The Group Assimilation Exercise is a structured mechanism for the group to give feedback to the professor. The activity centered around a worksheet and comprises two main sessions.

Session 1: group meets without the professor.

  • Group works through a predefined series of questions together (discussed below).
  • People should feel free to speak openly; what is said in the session stays in the session.
  • A designated group leader (or pair of leaders) helps capture the feedback in the most constructive framing possible.
  • Group leader should make sure everyone has an opportunity to speak.
  • Recommended time is 2 hours
  • I like to treat my students to a group dinner afterwards (w/o me).

Session 2: professor goes over responses with group

  • Professor should respond to every question & request.
  • It is OK for professor to not have capacity to accommodate all requests.
  • It is OK for professor to disagree with a request (requires explanation).
  • Typically, there should some brainstorming and to figure out prioritization of what changes are most important.
  • Professor should maintain a list of action items that can be reviewed throughout the year.
  • Recommended time meeting with group is 2 hours
Link to Worksheet (includes example comments & responses)

The worksheet can be found here, including example comments & responses from previous years done with my group.

The worksheet starts with some softball questions, just to get the group into the flow of the activity.
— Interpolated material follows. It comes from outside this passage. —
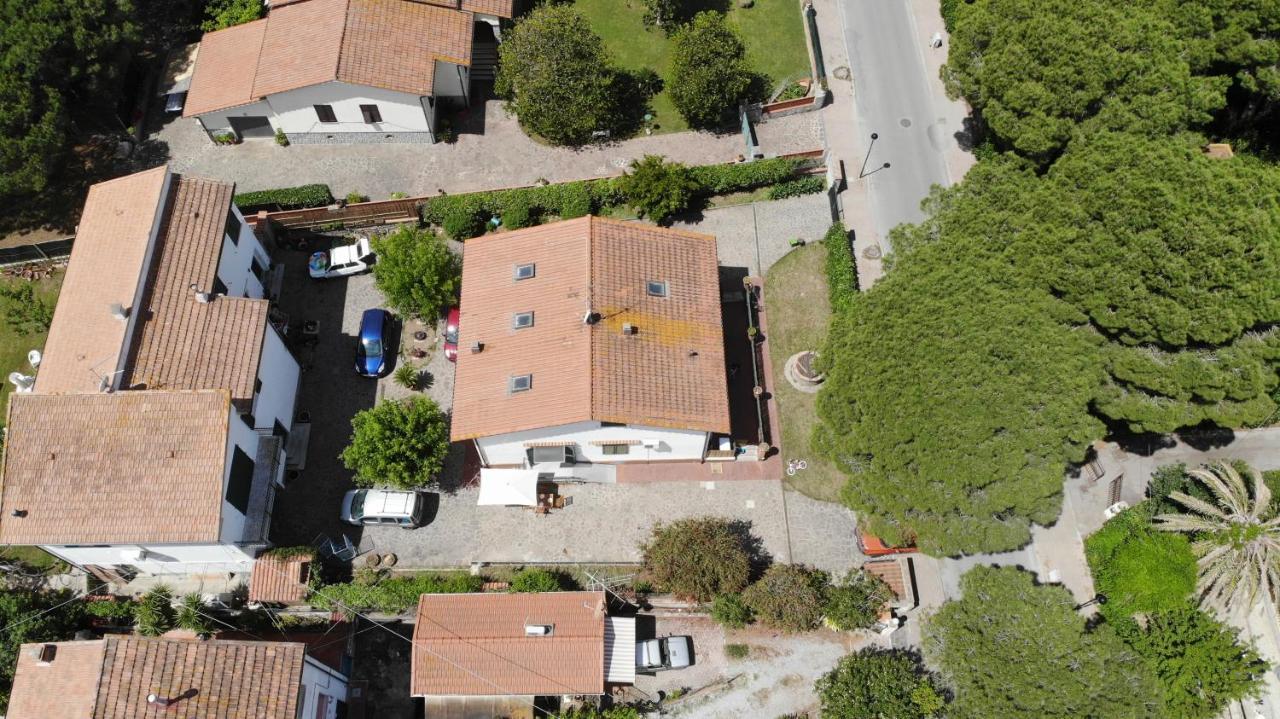 Apartamento Primavera Trilo - Zona Mare Con Spazio Esterno, Clima E Posto Auto Marina di Campo Exterior foto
It’s also nice to build a little rapport with the professor through those questions.

The first critical question is asking about what isn’t working well. This part should not prioritize recommending changes.

The next set of questions revolves around expectations. An important feature of a healthy relationship is both parties being clear on expectations for one another. Oftentimes, articulating these expectations is as useful as giving feedback, and helps both parties understand why certain things are done a certain way. For instance, a big discussion point in my group was the level of “hands-on” the professor should be (including both frequency and level of granularity, as well as some other dimensions).

Next, the worksheet pivots to more immediate action items, which are usually concrete and targeted.

The worksheet concludes with a final softball question, since the whole discussion can become a bit intense (usually in a good way), especially during Session 2 when the professor responds.

During Session 2, the professor can keep a list of action items that is updated throughout the discussion.

Benefits & Drawbacks

The main benefit of this exercise is that it empowers to group to have a dialogue with the professor as a collective. Not only is there strength in numbers (making the feedback feel safer to give, and harder for the professor to dismiss), but the collectively distilled feedback should be much more constructively framed than if individuals try to do it alone. Moreover, the group may find new common ground amongst themselves through this shared experience.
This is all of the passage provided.